臉上恢復了幾分血色的他,將手臂悄悄從她柔軟的懷中抽出後,看著她,繼續開口。
「這裡不讓我走,我就不會走,還有,我真要走,會和你提前說……你今晚不是知道我想做什麼才跟來的嗎?」
少女的神色並沒有因此而變得好看起來,抬頭看著他。
「我原本以為你只會口頭教導他們。」
「親身經歷體驗一番比說什麼都強。」
少女默了默,看著他臉上遮掩不了深深疲憊,以及剛扶著他時感到的軟弱無力,也不知要多久才能恢復,還能不能恢復。
「他們值得你這樣做?」
「嗯。」
「為什麼?」
「我從這裡拿了些東西,所以也打算給回一些東西。」
「我知道。」
少女依然看著他,雙眸一眨不眨的,看著他的白頭,有晶瑩在裡邊流轉。
「我已經學成了兩年前你傳我的那篇法決。」
李長夜看著她眉心處的紅蓮,以及她這些年來的成長變化,知道已經有些事瞞不住她,想了想後。
「無論是太極玄清道,還是大梵般若,都是有極限的。」
頓了頓。
李長夜將目光從她身上挪開,隔著白玉護欄,望著遠處,夜色下的,廣闊無比的山川,繼續開口。
「強如青葉祖師,也有逝去的一天。」
青葉三十多歲無敵後,又活了七百餘年,以七百五十的高齡與世長辭。
田靈兒對他的言語有意外也有不解。
「我也感到和看到了這個世界的極限。」
「呃?」
「我是這樣,不代表別的人也是,比如你,就給過我幾次很大,也很意外的驚喜。」
田靈兒瞪大了眼睛,只不過,沒等她的笑顏綻放。
「我們的幾位師兄也是……」
「今晚這些人裡邊大概率還有……」
「此外,山下……」
李長夜舉列了很多,也罕見的說了非常多,在說的同時,也露出一個田靈兒以為從沒見過的表情,卻又不陌生的表情。
她今晚就見識過了許多。
那是對某種事物的憧憬嚮往追求……
她不知道那具體是什麼,但知道那正如他所說是青葉祖師都做不到的事,更知道已經確認了……
少女也露出道笑容。
「我會陪著你。
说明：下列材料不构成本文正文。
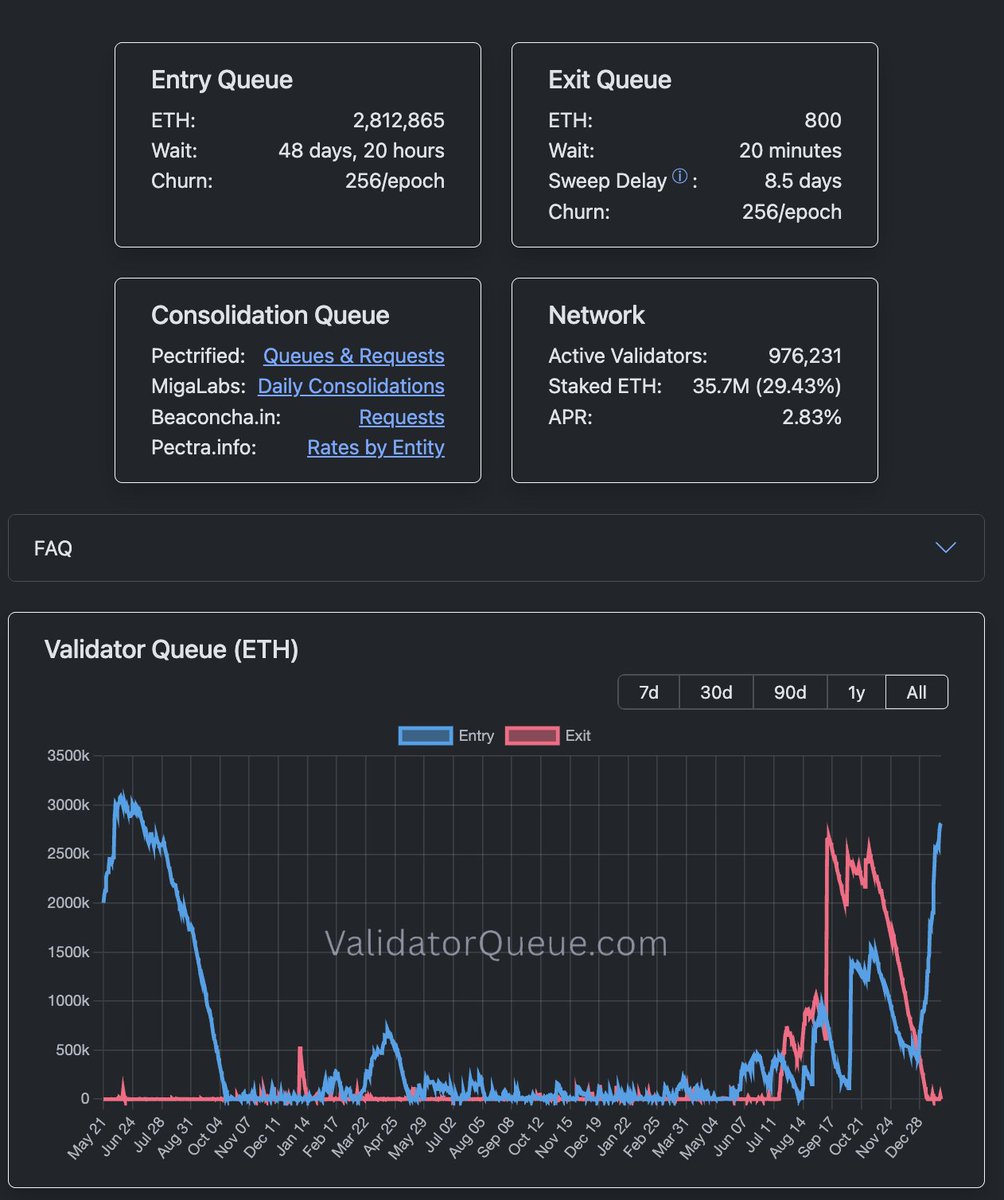 当前有价值约84.9亿美元ETH排队等待进入PoS质押而质押退出队列已清空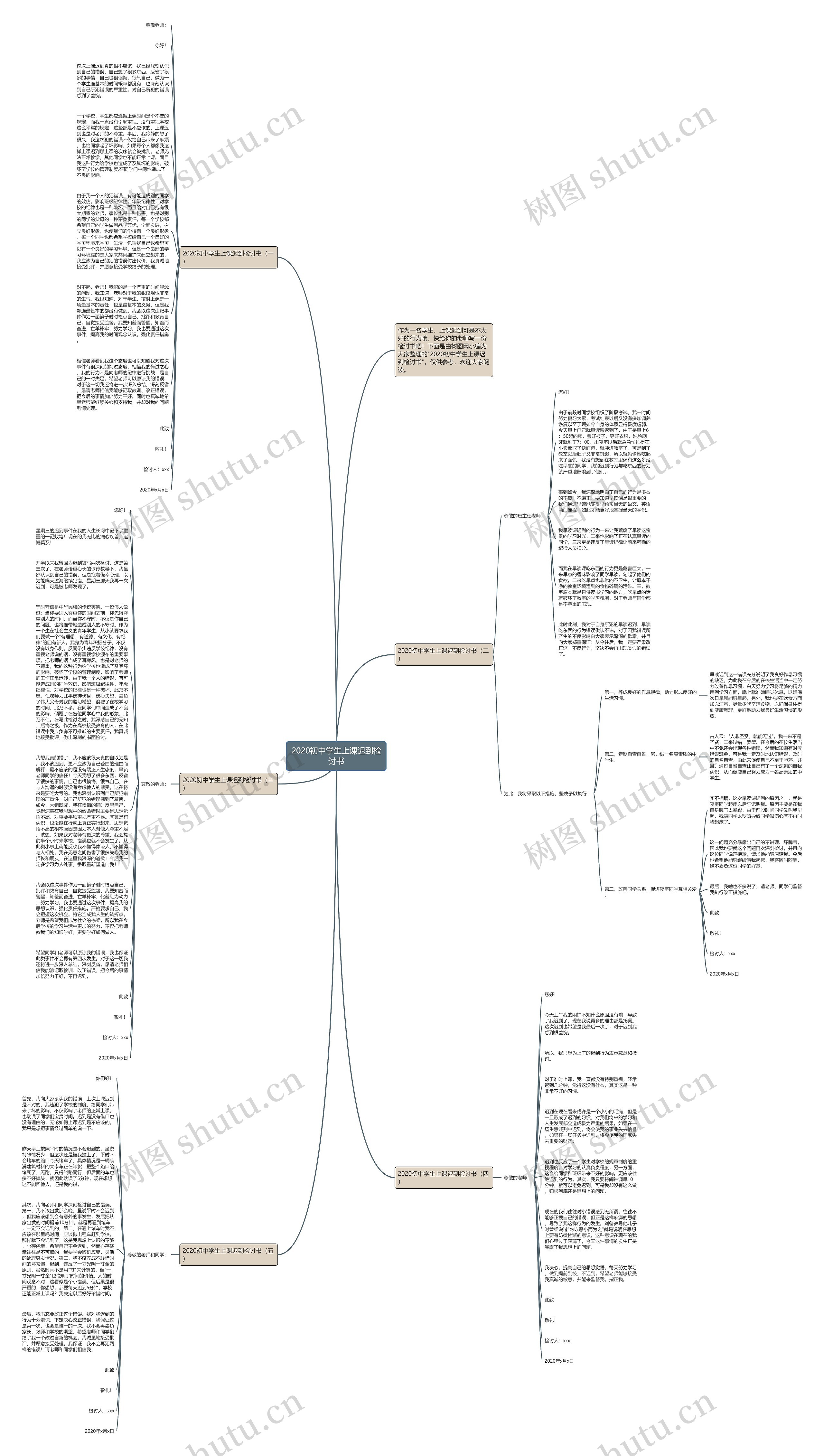 2020初中学生上课迟到检讨书思维导图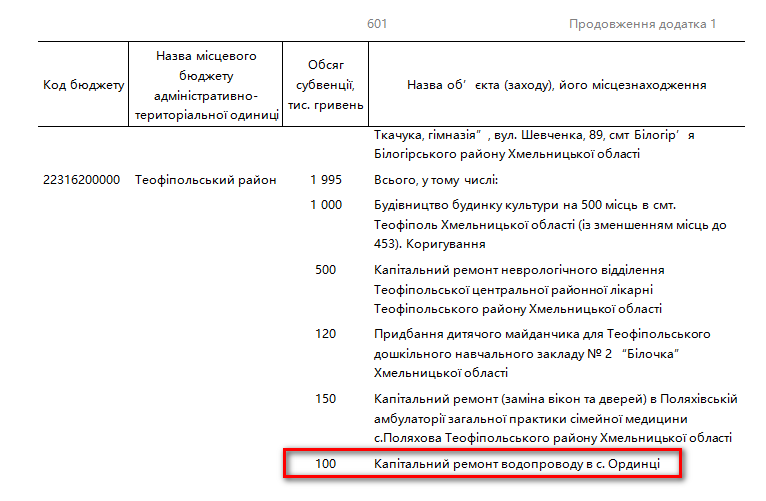 http://www.kmu.gov.ua/control/uk/cardnpd?docid=250162479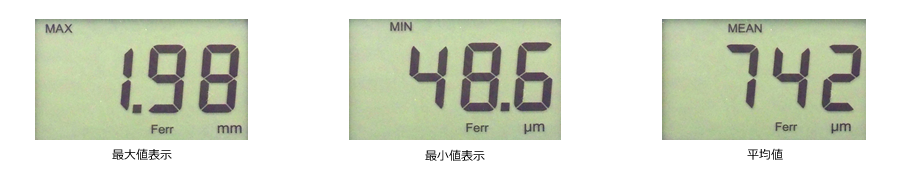 最小値・最大値表示機能 & 測定回数・平均値・標準偏差機能他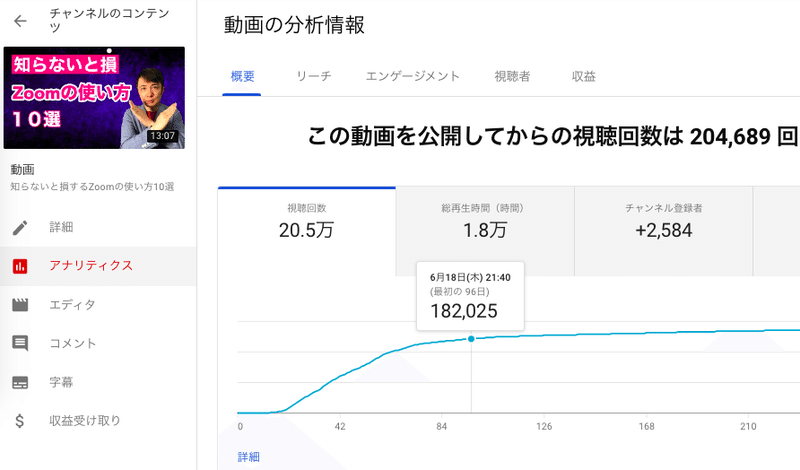 Youtubeチャンネルを急成長させる7つの分析 考察 決定版 安宅 基 Note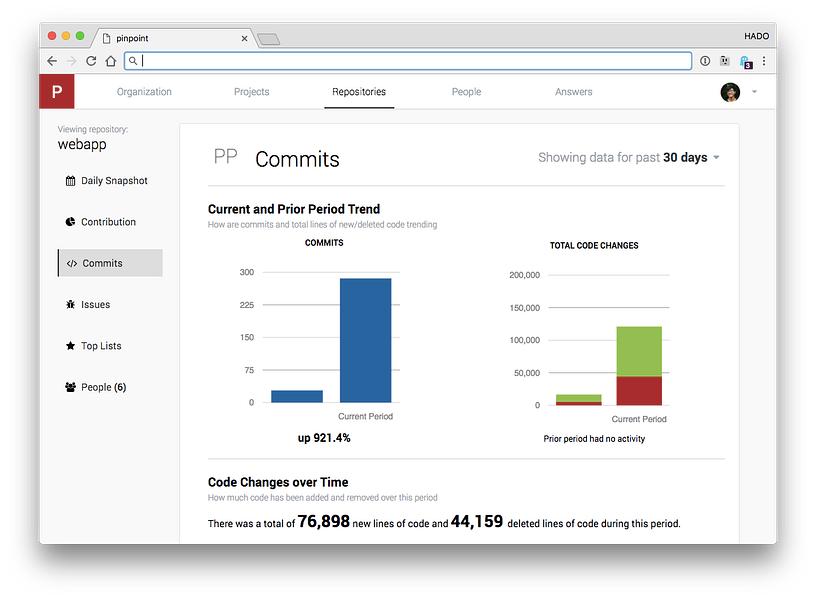 Pinpoint preview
」
她之前說過不止一次,她會等著他,現在說的是我會陪著你。
李長夜看著她那張稚嫩的小臉。
「你還小。」
少女一怔,對此,不願多想也不願多思考,本能的,眉頭一豎。
「我是你師姐,還比你大!」
李長夜忍不住伸手。
只是沒等他的手落她的腦袋上,她就閃開了,同時有甩落的什麼東西打到他臉上。
他因此而一怔,也在這瞬間,眼前紅色的倩影突然貼了過來,印住了也堵住了他微張的嘴。
柔軟,溫潤,濕滑,細膩,甘甜,清香,……,熟悉,卻又完全都是陌生的感覺。
……
通天峰,後山。
這裡有一個祠堂,這裡還有一個老人,掃地的獨臂老人,白髮蒼蒼的他,坐在門檻上,望著遠方。
不知他是否知道現在又到了六十年一次的七脈會武,也不知他在想著什麼,是當年的人和事,亦或別的。
直到,有個墨綠色的身影,很意外的出現到他眼前。